SESC is active in all 27 Brazilian states, but its presence is most pronounced in Brazil’s most populous and wealthiest state, São Paulo.As such, over the last few years – which have witnessed unprecedented economic growth rates and record levels of employment (the year 2011 ended with an unemployment rate of 6 percent) – SESC has actually had more money to invest in arts and culture.
Indeed, according to Rohter’s interview with SESC’s director Danilo Miranda, the organization’s biggest – and most deliriously enviable – challenge is coming up with ways of spending a budget that has been ballooning by 10 percent – or $600 million – every year.
SESC is active in all 27 Brazilian states, but its presence is most pronounced in Brazil’s most populous and wealthiest state, São Paulo, home to 41 million out of 200 million Brazilians.
São Paulo currently boasts 18 SESC cultural and recreational centers.
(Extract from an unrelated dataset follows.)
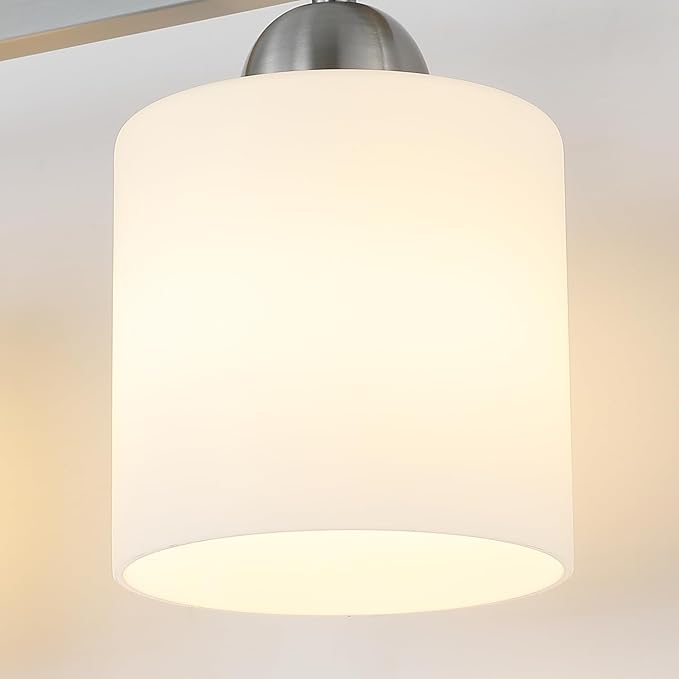Mecgirn Stainless Steel Milk Glass Vanity Lights for Bathroom, 4 Light Brushed Nickel Bathroom Light Fixtures Over Mirror, Ceramic E26 Sockets Wall Mounted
Not only are they inextricably linked to the city’s cultural life, but many of them are housed in creatively renovated abandoned buildings or boldly modern constructions that have become architectural landmarks. Without them, Paulistanos would be cultural orphans; over 300,000 people a week turn out to see performances by top international and home-grown names in music, theater, and dance. They can afford to so because SESC events are very reasonably priced – or free.
I first discovered – and was blown away by – SESC upon my first trip to São Paulo back in the ‘90s Within in a week, I attended a terrific play, A Máquina, for R$10 at SESC Belenzinho and saw the marvelous Bahian singer, Virgínia Rodrigues (featured above), perform live at SESC Vila Mariana for R$10. Because SESC centers also have restaurants, cafés, libraries, lounges, and galleries (not to mention sports facilities), I was also able to spend an evening guzzling icy chope (draft beer) at the atmospheric choperia at SESC Pompéia and take in a film for R$6 at CineSESC, a movie theater that’s not only endowed with a mammoth screen, but also a glassed-in bar below the projection room where you can sip a caipirinha while watching a film.
I always recommend that visitors to São Paulo check out SESC’s offerings. However, another great thing about SESC is that, as part of their mission to improve the lives of Brazilian workers, they operate attractively-designed, efficiently-run, and extremely affordable hotels, sometimes actually as part of cultural centers, in various key tourist sites throughout Brazil (many of which are listed in Moon Brazil). Destinations range from cities such as Brasília and Rio de Janeiro (whose Copacabana address was designed by none other than Oscar Niemeyer) to the colonial town of Pirenópolis, in Goiás, and the wilds of Mato Grosso’s Pantanal. Although rates are particularly low for SESC members, the slightly higher prices charged to unaffiliated tourists are still a good bargain.